— Supplied data —
----------

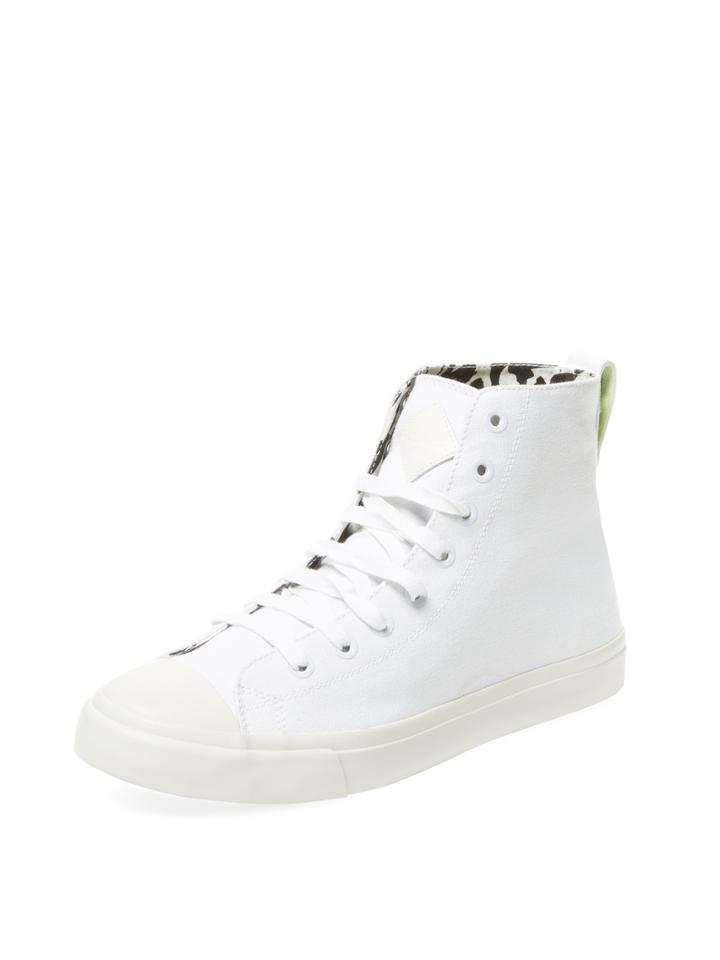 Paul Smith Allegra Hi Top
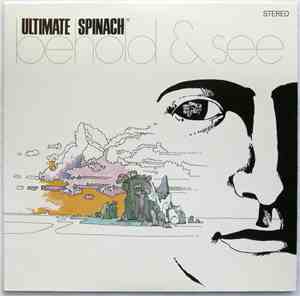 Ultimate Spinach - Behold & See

----------

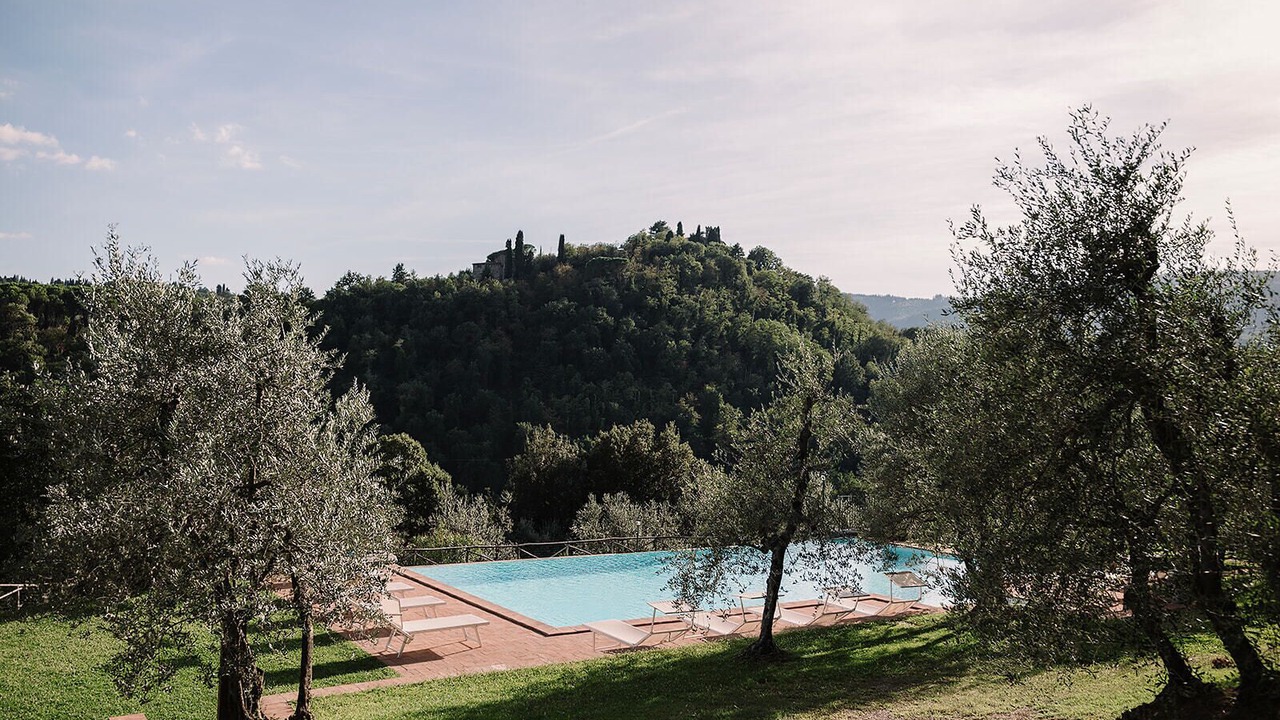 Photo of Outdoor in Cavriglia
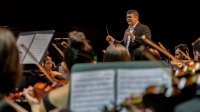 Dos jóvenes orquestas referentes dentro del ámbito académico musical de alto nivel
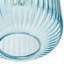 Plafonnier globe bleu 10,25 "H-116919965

----------

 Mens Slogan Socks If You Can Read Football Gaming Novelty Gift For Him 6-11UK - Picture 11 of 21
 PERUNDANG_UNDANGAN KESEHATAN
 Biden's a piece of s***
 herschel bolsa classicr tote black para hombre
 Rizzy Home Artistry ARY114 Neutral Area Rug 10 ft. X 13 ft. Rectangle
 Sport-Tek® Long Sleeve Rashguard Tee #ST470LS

----------

Find the line with "PERUNDANG_UNDANGAN KESEHATAN" in the entries above. Retype it and each line after it, exactly, through the line with "Sport-Tek® Long Sleeve", and stop there.

— Solution to this task —
 PERUNDANG_UNDANGAN KESEHATAN
 Biden's a piece of s***
 herschel bolsa classicr tote black para hombre
 Rizzy Home Artistry ARY114 Neutral Area Rug 10 ft. X 13 ft. Rectangle
 Sport-Tek® Long Sleeve Rashguard Tee #ST470LS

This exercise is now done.